Beneath this sentence is a listing. Return its lines from the one containing "Apartment Kal Zadar Dış mekan fotoğraf" through the last, exactly, and omit the pictures.
[Dataset content]
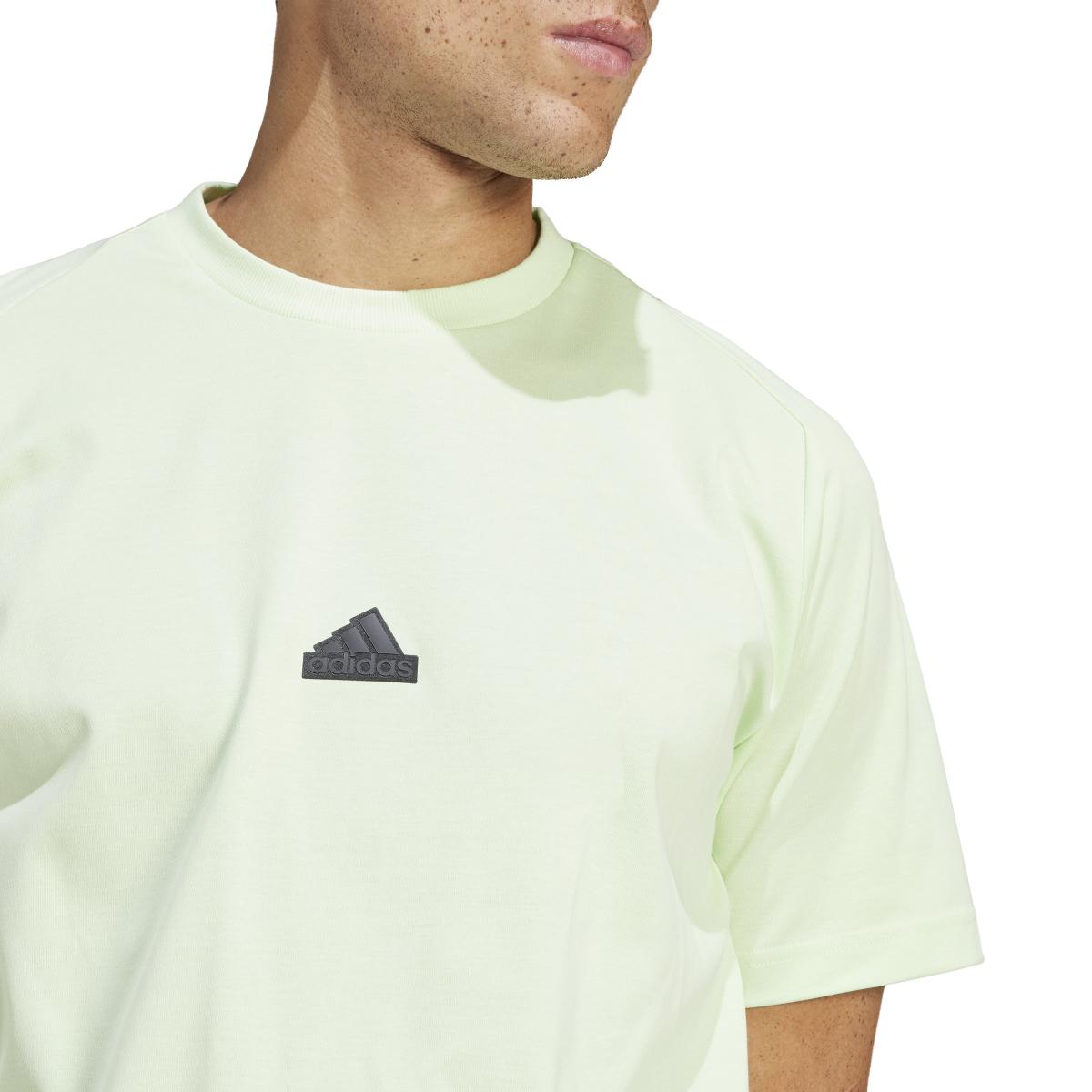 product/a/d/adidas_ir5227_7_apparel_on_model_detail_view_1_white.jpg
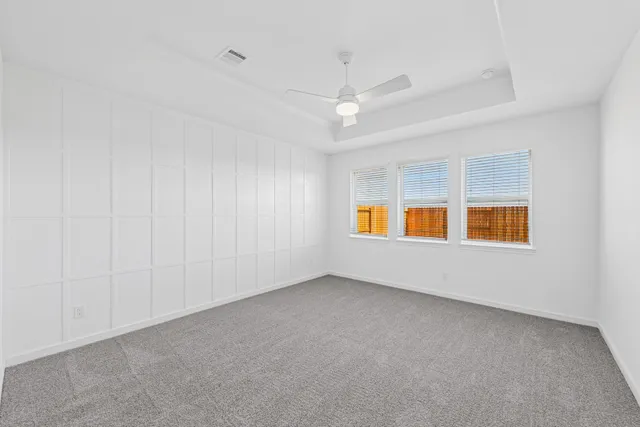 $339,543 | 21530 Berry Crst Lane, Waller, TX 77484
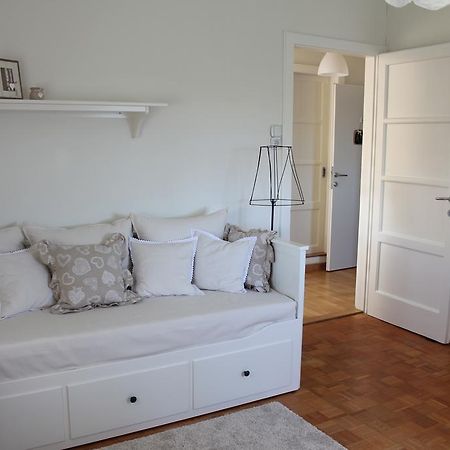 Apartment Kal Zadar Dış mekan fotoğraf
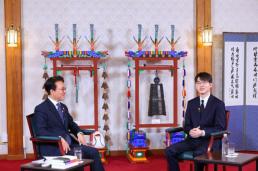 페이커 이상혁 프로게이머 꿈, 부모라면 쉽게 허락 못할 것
[/Dataset content]
• **Solution to the problem**
 Apartment Kal Zadar Dış mekan fotoğraf
 페이커 이상혁 프로게이머 꿈, 부모라면 쉽게 허락 못할 것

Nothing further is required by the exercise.